Installation

Linux

CUDA Installation

CUDA is a parallel computing platform and programming model created by NVIDIA, which allows developers to use NVIDIA's GPUs for high-performance parallel computing.

First, check if your GPU supports CUDA at https://developer.nvidia.com/cuda-gpus

  1. Ensure that the current Linux version supports CUDA. Enter uname -m && cat /etc/*release in the command line, and you should see output similar to

x86_64
DISTRIB_ID=Ubuntu
DISTRIB_RELEASE=22.04
  1. Check if gcc is installed. Enter gcc --version in the command line, and you should see similar output

gcc (Ubuntu 11.4.0-1ubuntu1~22.04) 11.4.0
  1. Download the required CUDA at the following website. Here, version 12.2 is recommended. https://developer.nvidia.com/cuda-gpus Note that you need to select the correct version according to the above output.

../_images/image-20240610221819901.png

If you have installed CUDA before (for example, version 12.1), you need to first use sudo /usr/local/cuda-12.1/bin/cuda-uninstaller to uninstall it. If this command cannot run, you can directly:

sudo rm -r /usr/local/cuda-12.1/
sudo apt clean && sudo apt autoclean

After the uninstallation is completed, run the following command and continue the installation according to the prompts:

wget https://developer.download.nvidia.com/compute/cuda/12.2.0/local_installers/cuda_12.2.0_535.54.03_linux.run
sudo sh cuda_12.2.0_535.54.03_linux.run

Note: Before determining whether the CUDA - shipped driver version is compatible with the GPU, it is recommended to cancel the installation of the Driver.

../_images/image-20240610221924687.png

After completion, enter nvcc -V to check if the corresponding version number appears. If it appears, the installation is complete.

../_images/image-20240610221942403.png

Windows

CUDA Installation

  1. Open Settings, find Windows specifications in About and ensure that the system version is in the following list:

Supported version number

Microsoft Windows 11 21H2

Microsoft Windows 11 22H2-SV2

Microsoft Windows 11 23H2

Microsoft Windows 10 21H2

Microsoft Windows 10 22H2

Microsoft Windows Server 2022

  1. Select the corresponding version to download and install according to the prompts.

../_images/image-20240610222000379.png
  1. Open the command prompt (cmd) and enter nvcc -V. If something similar appears, the installation is successful.

../_images/image-20240610222014623.png

Otherwise, check the system environment variables to ensure that CUDA is correctly imported.

../_images/image-20240610222021868.png

LLaMA-Factory Installation

Before installing LLaMA-Factory, make sure you have installed the following dependencies:

Run the following commands to install LLaMA-Factory and its dependencies:

git clone --depth 1 https://github.com/hiyouga/LLaMA-Factory.git
cd LLaMA-Factory
pip install -e ".[torch,metrics]"

If there is an environment conflict, please try to use pip install --no-deps -e . to solve it

LLaMA-Factory Verification

After the installation is completed, you can quickly verify whether the installation is successful by using llamafactory-cli version.

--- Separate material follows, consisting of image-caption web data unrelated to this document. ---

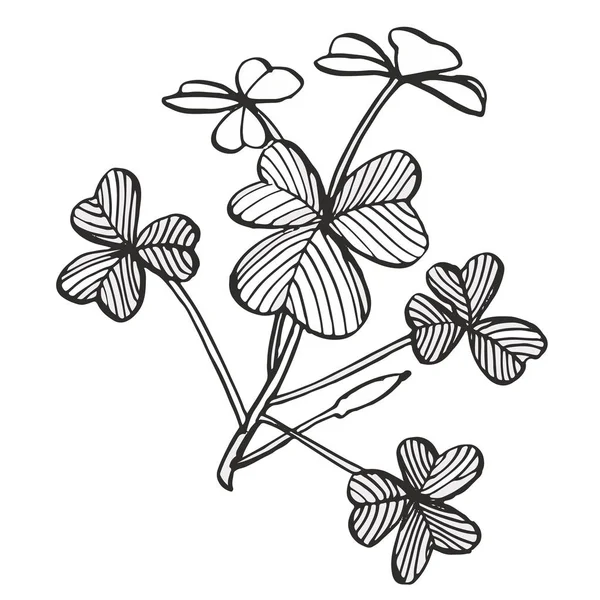Διάνυσμα σύνολο τριφύλλι. Απομονωμένη άγριο φυτό και τα φύλλα σε λευκό φόντο. Φυτικά χαραγμένο στυλ εικονογράφηση. Λεπτομερείς βοτανικό σκίτσο. — Διανυσματικό Αρχείο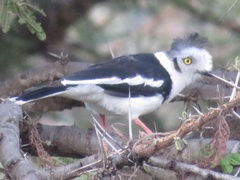 Prionops poliolophus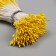 Stamens for artificial flowers gloss "risins" light yellow set 360 pcs length 6 cm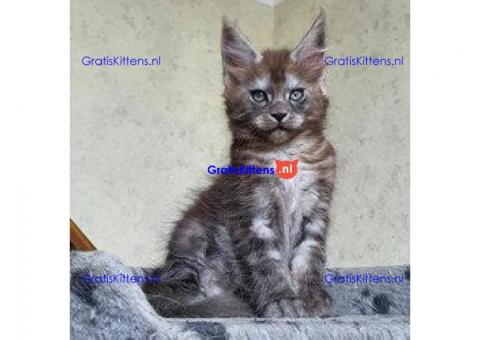 Maine Coon-kittens te koop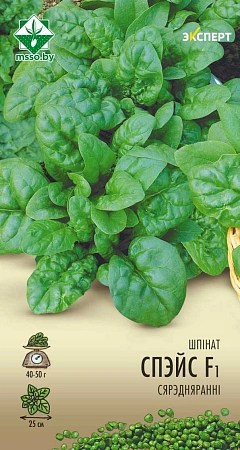 Шпинат Спейс F1, 1 г (Эксперт) (МССО)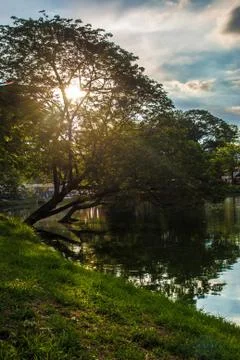 Sunlight though the tree branches along the river with reflection Foto stock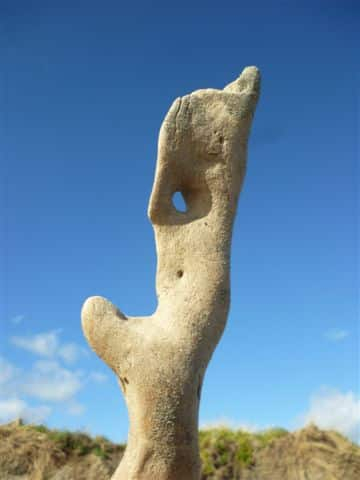 driftwood-sky.jpg
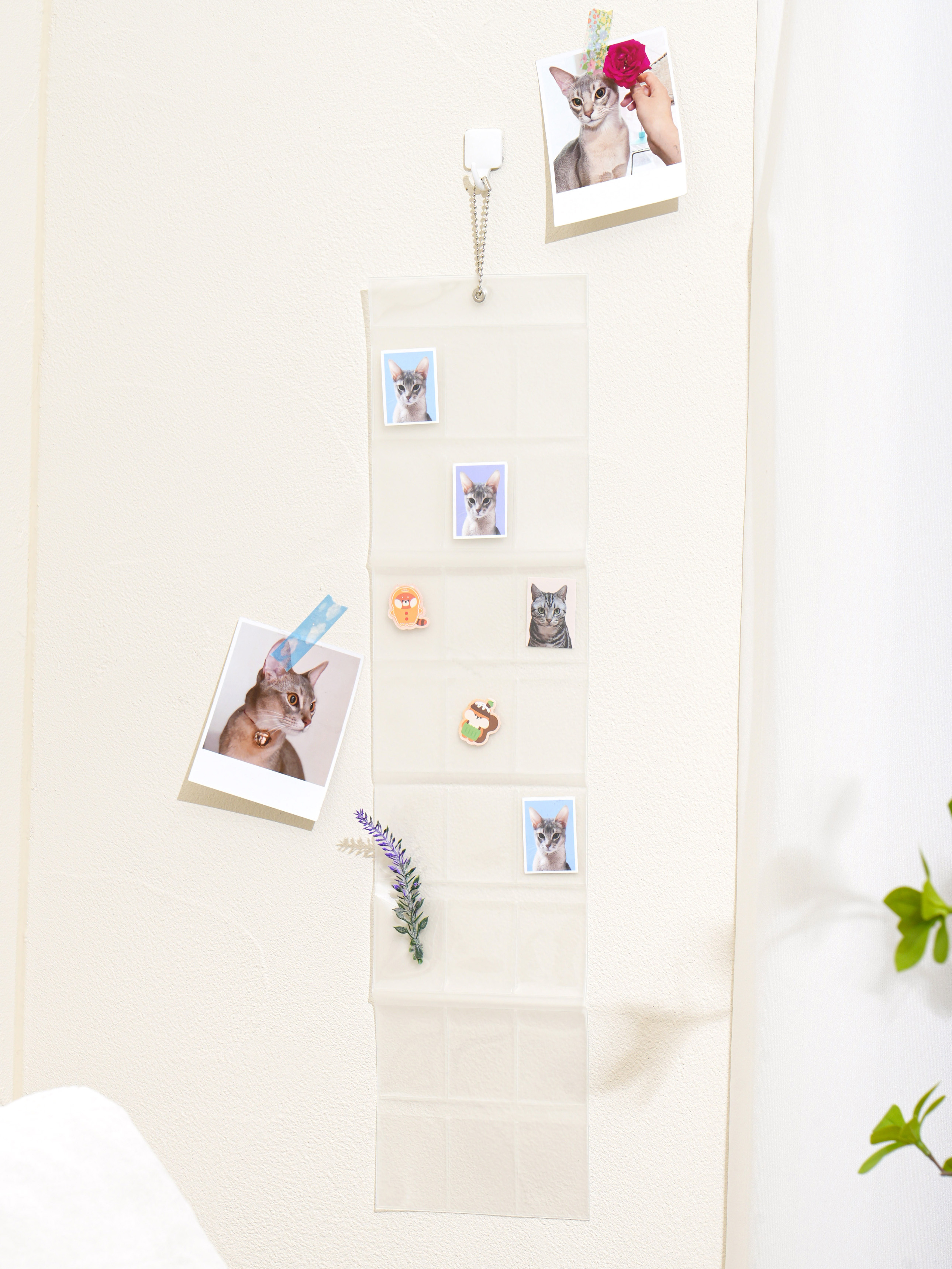 DAISO Collect_ID Photo Album (24 spaces)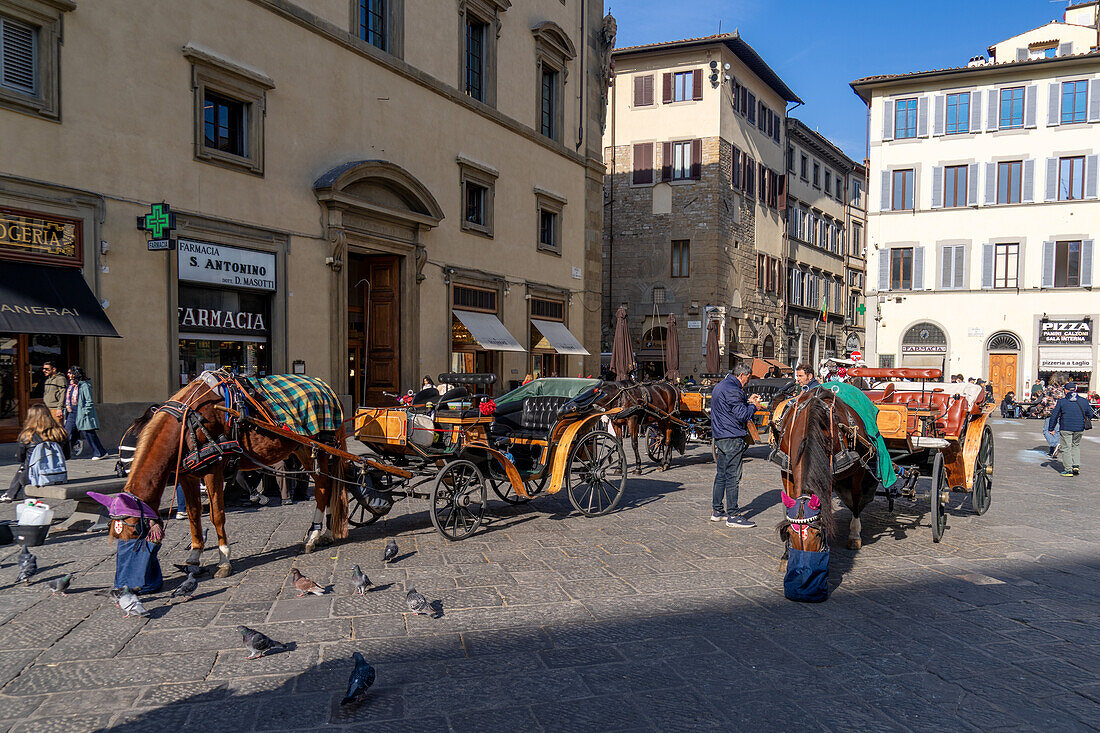 Horse-drawn carriages for tourists in the Piazza San Giovanni in historic Florence, Italy.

If you can successfully see an interface similar to the following, it means the installation was successful.

../_images/image-20240611002529453.png

LLaMA-Factory Advanced Options

Windows

QLoRA

If you want to enable Quantized LoRA (QLoRA) on Windows, please select the appropriate bitsandbytes release version according to your CUDA version.

pip install https://github.com/jllllll/bitsandbytes-windows-webui/releases/download/wheels/bitsandbytes-0.41.2.post2-py3-none-win_amd64.whl

FlashAttention-2

If you want to enable FlashAttention-2 on the Windows platform, please select the appropriate flash-attention release version according to your CUDA version.

Extra Dependency

If you have more requirements, please install the corresponding dependencies.

Name

Description

torch

The open-source deep learning framework PyTorch, which is widely used in machine learning and artificial intelligence research.

torch-npu

The Ascend device compatibility package for PyTorch.

metrics

Used to evaluate and monitor the performance of machine learning models.

deepspeed

Provides the Zero Redundancy Optimizer required for distributed training.

bitsandbytes

Used for quantization of large language models.

hqq

Used for large language model quantization.

eetq

Used for large language model quantization.

gptq

Used to load GPTQ quantized models.

awq

Used to load the AWQ quantized model.

aqlm

Used to load the AQLM quantization model.

vllm

Provides high-speed concurrent model inference services.

galore

Provides an efficient full-parameter fine-tuning algorithm.

badam

Provides an efficient full-parameter fine-tuning algorithm.

qwen

Provides the packages required to load the Qwen v1 model.

modelscope

ModelScope Community, which provides a way to download pre-trained models and datasets.

swanlab

The open-source training tracking tool SwanLab is used to record and visualize the training process

dev

Used for the development and maintenance of LLaMA Factory.